**Entries provided**
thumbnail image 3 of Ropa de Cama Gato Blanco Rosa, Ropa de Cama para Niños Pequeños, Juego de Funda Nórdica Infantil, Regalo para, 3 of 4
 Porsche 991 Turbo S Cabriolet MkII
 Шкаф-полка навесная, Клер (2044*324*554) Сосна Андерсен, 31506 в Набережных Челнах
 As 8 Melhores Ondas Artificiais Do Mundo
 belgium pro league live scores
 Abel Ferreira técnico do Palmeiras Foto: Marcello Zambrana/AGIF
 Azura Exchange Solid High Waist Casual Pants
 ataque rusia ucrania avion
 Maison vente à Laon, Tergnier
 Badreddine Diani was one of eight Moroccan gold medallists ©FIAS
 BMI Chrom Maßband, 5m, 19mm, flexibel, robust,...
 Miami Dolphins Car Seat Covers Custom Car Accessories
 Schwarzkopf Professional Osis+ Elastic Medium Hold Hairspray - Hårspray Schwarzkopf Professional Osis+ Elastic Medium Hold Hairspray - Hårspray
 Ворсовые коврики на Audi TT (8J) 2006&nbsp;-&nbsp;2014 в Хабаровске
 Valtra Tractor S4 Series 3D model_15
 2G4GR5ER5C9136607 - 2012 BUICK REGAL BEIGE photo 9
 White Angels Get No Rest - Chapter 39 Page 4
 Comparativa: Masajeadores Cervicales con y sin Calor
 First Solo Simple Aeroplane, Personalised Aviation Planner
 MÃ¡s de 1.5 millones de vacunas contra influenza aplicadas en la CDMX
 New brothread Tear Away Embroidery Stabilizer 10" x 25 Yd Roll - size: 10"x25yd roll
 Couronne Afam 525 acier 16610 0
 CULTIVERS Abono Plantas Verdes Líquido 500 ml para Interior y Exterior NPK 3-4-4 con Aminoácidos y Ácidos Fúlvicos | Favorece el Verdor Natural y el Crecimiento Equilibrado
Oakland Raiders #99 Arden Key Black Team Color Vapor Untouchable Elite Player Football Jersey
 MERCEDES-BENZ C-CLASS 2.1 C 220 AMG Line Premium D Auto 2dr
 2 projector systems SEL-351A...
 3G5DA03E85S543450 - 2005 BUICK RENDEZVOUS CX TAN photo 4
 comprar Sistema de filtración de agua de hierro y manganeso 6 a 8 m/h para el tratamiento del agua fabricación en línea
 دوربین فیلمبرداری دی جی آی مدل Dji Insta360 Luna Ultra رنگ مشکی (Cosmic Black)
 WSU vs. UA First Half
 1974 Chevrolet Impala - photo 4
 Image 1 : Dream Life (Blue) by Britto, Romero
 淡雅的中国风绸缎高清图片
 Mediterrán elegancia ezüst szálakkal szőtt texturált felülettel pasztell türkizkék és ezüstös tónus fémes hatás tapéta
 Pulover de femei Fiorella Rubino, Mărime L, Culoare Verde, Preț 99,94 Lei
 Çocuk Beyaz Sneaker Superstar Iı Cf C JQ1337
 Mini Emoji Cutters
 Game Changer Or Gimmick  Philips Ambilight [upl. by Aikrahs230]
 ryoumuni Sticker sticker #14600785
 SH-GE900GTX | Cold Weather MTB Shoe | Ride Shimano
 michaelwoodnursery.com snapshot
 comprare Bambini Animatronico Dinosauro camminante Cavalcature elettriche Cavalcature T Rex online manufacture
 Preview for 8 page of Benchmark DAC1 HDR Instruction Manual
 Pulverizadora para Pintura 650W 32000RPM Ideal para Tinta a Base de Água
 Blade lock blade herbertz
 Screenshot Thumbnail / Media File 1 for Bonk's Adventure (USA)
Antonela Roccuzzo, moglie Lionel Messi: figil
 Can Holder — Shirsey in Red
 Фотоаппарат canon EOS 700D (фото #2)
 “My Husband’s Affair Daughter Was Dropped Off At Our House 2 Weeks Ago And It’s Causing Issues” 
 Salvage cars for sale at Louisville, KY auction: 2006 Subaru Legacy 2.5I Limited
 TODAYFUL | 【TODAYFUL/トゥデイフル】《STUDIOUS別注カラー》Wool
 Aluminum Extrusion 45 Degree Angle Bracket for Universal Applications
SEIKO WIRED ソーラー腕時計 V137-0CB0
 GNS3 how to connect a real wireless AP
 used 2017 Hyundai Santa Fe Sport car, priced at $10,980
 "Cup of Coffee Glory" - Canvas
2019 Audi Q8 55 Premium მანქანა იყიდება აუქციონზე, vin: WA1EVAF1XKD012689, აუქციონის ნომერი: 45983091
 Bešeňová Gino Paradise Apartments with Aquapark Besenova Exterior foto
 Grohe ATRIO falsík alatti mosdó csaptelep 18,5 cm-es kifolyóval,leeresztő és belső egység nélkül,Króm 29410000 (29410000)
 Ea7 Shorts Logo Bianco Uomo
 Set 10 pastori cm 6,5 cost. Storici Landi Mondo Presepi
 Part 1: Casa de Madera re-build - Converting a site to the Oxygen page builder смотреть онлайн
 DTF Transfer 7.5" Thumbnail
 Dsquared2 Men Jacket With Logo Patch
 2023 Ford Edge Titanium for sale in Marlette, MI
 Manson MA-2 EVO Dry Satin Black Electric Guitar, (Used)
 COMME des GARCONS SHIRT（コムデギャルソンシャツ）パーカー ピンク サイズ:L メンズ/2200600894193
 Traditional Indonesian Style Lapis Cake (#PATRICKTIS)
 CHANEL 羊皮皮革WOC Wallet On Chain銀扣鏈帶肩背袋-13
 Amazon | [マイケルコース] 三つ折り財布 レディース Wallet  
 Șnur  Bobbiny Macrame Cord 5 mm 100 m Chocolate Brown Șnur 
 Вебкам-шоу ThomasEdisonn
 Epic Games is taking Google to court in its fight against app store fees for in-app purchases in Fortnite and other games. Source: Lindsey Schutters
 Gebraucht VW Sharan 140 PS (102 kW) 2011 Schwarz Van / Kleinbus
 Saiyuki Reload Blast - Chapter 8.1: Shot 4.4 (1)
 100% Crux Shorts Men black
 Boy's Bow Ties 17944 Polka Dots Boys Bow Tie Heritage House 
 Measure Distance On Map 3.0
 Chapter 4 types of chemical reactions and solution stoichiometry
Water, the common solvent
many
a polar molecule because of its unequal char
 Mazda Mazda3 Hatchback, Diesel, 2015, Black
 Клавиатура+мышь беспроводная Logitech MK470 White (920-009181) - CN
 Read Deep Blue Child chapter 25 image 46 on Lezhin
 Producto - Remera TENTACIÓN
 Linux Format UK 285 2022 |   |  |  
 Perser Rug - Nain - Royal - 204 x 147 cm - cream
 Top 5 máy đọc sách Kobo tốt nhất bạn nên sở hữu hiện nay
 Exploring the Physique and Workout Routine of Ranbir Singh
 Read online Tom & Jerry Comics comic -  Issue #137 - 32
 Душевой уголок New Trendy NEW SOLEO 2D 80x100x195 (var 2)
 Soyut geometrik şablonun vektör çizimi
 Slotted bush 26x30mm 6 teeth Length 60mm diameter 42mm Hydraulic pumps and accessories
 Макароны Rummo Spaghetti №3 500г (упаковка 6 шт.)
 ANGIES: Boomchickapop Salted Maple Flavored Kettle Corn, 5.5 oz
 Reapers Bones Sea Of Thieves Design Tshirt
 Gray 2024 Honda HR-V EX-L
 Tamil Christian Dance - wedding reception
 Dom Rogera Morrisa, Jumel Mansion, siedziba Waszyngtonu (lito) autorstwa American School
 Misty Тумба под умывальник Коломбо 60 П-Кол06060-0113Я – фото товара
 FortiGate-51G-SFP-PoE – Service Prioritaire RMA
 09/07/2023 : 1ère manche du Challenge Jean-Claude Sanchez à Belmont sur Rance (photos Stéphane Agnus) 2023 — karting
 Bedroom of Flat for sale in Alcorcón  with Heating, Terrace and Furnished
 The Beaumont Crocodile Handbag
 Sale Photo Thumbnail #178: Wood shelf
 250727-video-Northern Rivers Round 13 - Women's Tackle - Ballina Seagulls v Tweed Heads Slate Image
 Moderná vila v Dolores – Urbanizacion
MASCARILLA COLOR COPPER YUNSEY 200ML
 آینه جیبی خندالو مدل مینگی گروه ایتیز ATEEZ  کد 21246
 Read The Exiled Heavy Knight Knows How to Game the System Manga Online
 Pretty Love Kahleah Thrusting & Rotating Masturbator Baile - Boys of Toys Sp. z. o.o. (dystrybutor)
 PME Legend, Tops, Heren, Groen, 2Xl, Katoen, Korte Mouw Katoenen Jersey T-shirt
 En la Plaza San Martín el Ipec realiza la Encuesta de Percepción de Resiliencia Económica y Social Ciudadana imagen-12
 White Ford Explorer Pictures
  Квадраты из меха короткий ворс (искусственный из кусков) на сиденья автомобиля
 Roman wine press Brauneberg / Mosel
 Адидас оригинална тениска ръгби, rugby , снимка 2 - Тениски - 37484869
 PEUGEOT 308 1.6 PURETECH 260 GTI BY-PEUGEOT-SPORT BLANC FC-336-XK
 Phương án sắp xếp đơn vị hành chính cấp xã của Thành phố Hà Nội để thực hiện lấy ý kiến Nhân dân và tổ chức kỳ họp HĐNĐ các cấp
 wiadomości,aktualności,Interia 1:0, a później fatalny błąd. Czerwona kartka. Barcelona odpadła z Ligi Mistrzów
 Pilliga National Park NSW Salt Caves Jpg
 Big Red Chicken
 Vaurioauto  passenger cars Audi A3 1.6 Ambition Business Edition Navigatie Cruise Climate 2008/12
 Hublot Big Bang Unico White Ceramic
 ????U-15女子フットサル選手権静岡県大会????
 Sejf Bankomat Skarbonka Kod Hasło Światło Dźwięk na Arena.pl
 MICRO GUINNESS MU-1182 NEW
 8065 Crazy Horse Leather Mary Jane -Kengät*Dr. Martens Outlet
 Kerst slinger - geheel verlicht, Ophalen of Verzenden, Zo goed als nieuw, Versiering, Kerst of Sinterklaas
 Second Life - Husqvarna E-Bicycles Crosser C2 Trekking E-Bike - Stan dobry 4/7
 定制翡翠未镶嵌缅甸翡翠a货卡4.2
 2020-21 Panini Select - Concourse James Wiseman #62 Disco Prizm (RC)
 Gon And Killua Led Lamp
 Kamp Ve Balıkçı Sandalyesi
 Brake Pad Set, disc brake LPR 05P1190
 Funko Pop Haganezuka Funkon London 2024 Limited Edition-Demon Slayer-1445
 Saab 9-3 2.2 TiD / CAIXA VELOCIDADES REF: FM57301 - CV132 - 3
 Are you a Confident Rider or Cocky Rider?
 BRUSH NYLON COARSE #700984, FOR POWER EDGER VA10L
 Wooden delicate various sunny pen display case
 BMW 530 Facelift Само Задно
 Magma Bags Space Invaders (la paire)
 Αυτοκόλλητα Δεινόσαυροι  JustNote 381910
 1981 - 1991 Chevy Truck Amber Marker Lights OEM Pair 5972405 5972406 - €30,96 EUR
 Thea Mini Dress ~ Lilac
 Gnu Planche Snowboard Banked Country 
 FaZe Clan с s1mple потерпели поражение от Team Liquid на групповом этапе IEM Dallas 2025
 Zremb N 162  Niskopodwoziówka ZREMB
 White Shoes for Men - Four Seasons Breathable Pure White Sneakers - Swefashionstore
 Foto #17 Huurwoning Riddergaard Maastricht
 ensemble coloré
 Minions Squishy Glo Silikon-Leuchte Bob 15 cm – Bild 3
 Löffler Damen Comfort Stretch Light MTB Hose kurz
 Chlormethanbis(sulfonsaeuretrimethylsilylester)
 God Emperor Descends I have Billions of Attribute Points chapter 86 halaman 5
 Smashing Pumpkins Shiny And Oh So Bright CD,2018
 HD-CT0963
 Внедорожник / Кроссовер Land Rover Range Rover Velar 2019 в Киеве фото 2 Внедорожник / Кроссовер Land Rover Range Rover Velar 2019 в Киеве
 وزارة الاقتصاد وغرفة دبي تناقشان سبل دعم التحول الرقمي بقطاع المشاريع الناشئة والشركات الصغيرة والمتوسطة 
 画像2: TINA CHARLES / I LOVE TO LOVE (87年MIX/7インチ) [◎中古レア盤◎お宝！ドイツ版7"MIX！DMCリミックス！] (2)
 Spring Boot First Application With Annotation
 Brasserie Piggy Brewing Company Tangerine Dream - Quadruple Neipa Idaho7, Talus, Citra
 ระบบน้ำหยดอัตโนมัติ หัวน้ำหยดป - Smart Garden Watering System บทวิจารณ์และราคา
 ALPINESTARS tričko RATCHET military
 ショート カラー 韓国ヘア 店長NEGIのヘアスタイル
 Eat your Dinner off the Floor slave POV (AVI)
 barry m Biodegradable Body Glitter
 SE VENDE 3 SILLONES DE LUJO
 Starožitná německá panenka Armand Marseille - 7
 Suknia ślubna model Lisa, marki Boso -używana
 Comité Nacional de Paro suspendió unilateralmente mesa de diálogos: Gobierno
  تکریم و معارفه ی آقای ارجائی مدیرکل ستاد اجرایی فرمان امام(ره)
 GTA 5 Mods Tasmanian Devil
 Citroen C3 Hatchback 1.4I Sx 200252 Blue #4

**Task directions**
Where a line of the entries above holds the word "Life", return that line.

**Solution to the exercise**
 Image 1 : Dream Life (Blue) by Britto, Romero
 Second Life - Husqvarna E-Bicycles Crosser C2 Trekking E-Bike - Stan dobry 4/7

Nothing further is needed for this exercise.